We’ve discovered some troubling things, and we’ll reveal all in the following Hola VPN review.
Let’s begin with a look at its pros and cons.
Speed & Reliability
We’re not going to compare Hola’s speeds with the other VPNs we’ve tested because it’s not really a VPN service – it’s more like a proxy.
Hola uses an unencrypted connection, which means that there’s less slowdown but considerably more risk, and only browser traffic is routed through the peer nodes.
For that reason we’ve not taken the speeds into account when giving Hola VPN its overall score.
Your internet speeds might also be affected by the internet speeds of the node you’re connecting to.
So if the peer you are routing your traffic through has poor internet speeds yours might suffer too.
When we connected to a node in the same country as our physical location we experienced practically no drop off.
Downloads peaked at 32Mbps in the UK (we test from London), which is decent enough, but nowhere near as quick as we’ve seen from other providers at a similar price point.
If you’re going to be connecting over longer distances regularly, stop reading now. Out to the US from Europe came in at an appalling 4Mbps, Japan and Singapore averaged around 1Mbps apiece, and the Canada server failed to connect at all.
Latency was another major issue, failing to get below 30ms even on same-country connections. We usually expect it to increase internationally but this was the most dramatic we’ve ever seen – over 700ms in Japan is virtually unheard of.
To read about our speed testing methodologies, please read How We Review VPNs.
The way Hola VPN works – by routing traffic through other peers on the network – means that there are no fixed number of locations you can connect to.
It completely depends on where the current users are located, but Hola VPN lists all 195 of the world’s countries within its app.
Sometimes when we selected a particular country Hola VPN didn’t even change our true IP address, which is worrying.
We can only assume that is because no users from that country were using Hola at that point, but Hola’s app still indicated that it was connected to the country. Our leak tests showed otherwise.
To make it worse, some popular websites and services aren’t available to free users of Hola VPN, including popular streaming services and the BBC news website.
If you attempt to visit those sites, Hola will ask you to upgrade.

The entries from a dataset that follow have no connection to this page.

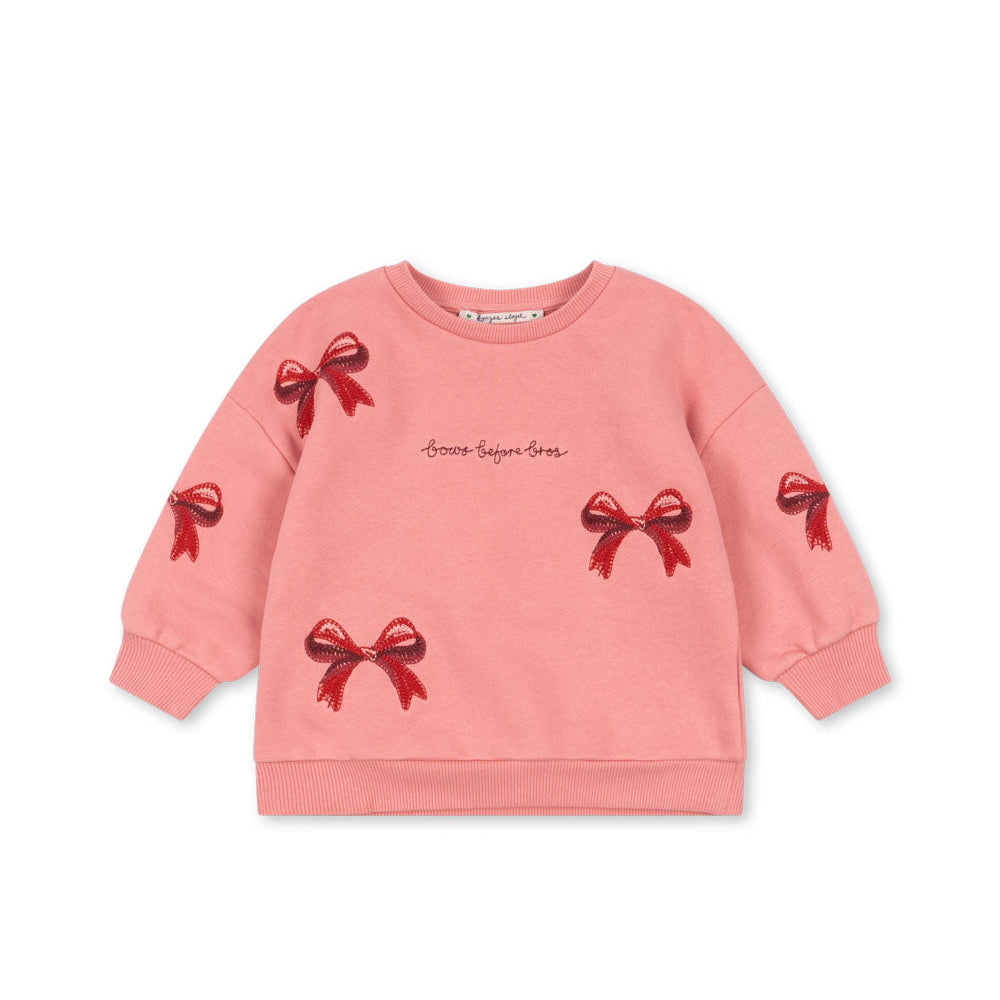 Konges Sløjd Lou Bow Sweater | Strawberry Ice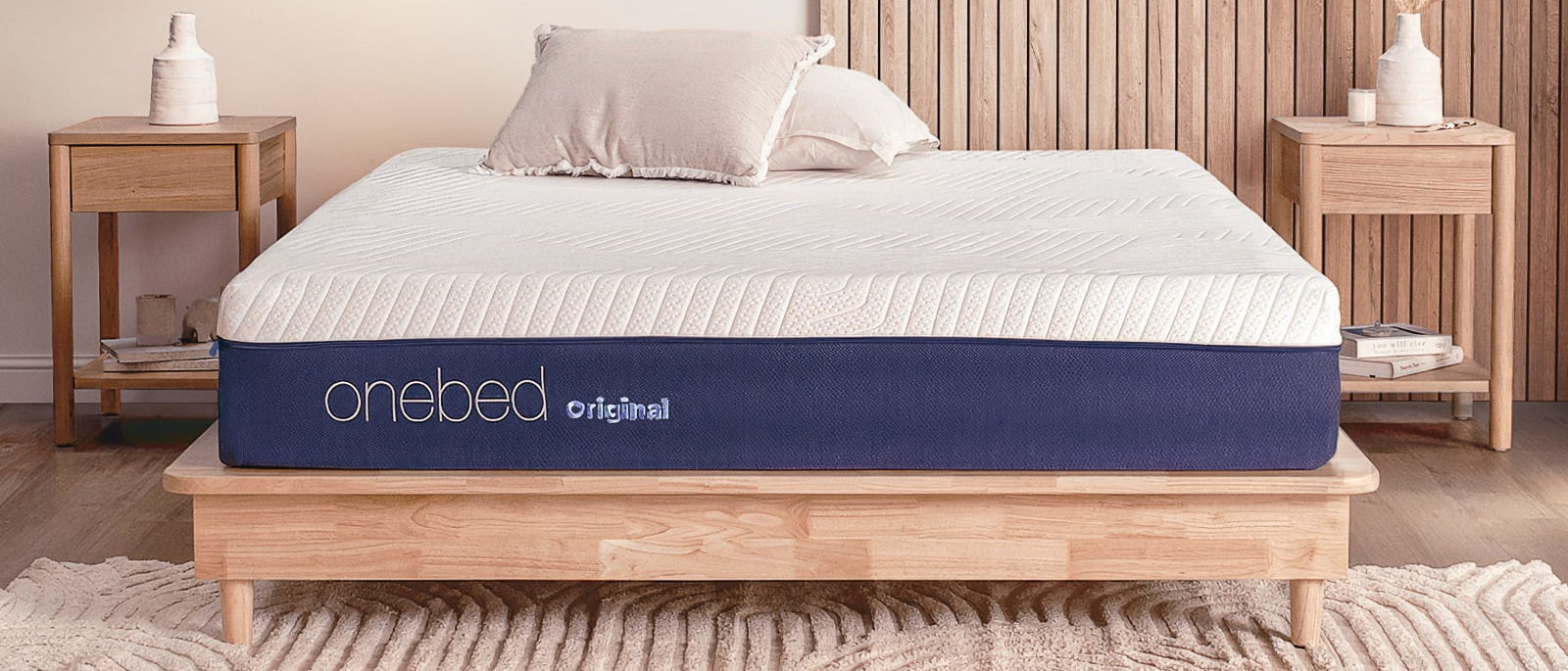 Onebed Original mattress in lifestyle setting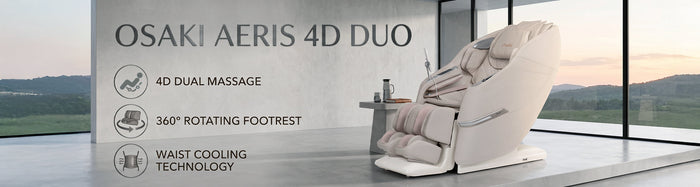 Beyond Heat: Introducing Waist Cooling Technology with the New Osaki Aeris 4D Duo
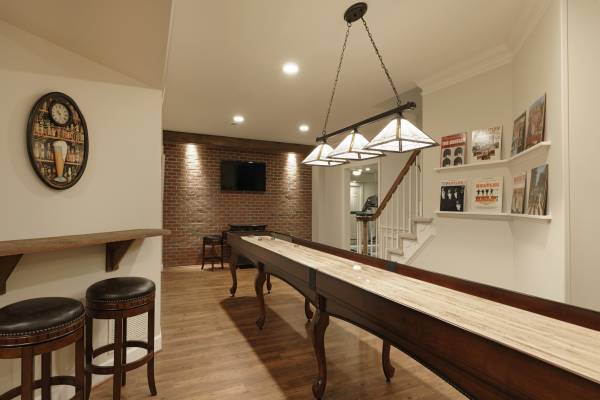 McLean Virginia Basement Renovation - Basement Bar - Man Cave Renovation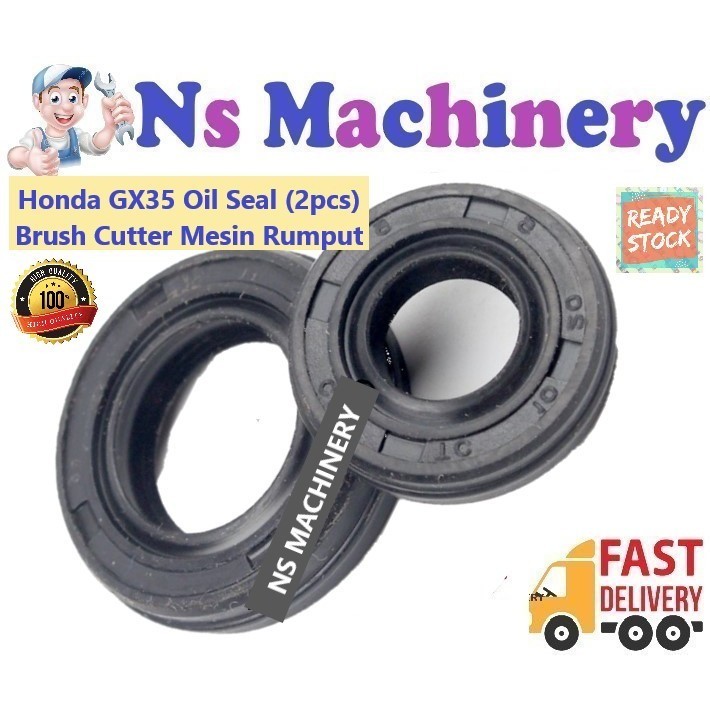 Honda GX35 Oil Seal (2pcs) Brush Cutter Mesin Rumput Shopee Malaysia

If you choose not to, Hola will not route your traffic through its network while you are browsing that particular site, meaning that it hasn’t even spoofed your IP address.
The browser extensions for Chrome, Firefox, and Opera are not part of the peer-to-peer network, so Hola uses standard servers for this service.
There are no details about the locations of the proxy servers on Hola’s website, but customer support told us this:
“Hola VPN has servers in over 40 countries. We don’t need to have servers in each
and every country as we leverage our peer-to-peer network in other countries.”
However, when we tried to connect to Bangladesh we were given an IP address associated with the UK.
This suggests that the service isn’t working as it should, making this VPN service even more dodgy.
Platforms & Devices
Hola VPN provides free (unencrypted) VPN apps for Windows and Android devices. However these apps don’t work like normal VPNs, more like proxy browsers.
Instead of routing all device traffic through the tunnel they only route traffic within the app, which acts as a web browser.
There is an option to route certain external apps through the VPN on the Android app, but it works on an app-by-app basis rather than routing all the device’s internet traffic by default.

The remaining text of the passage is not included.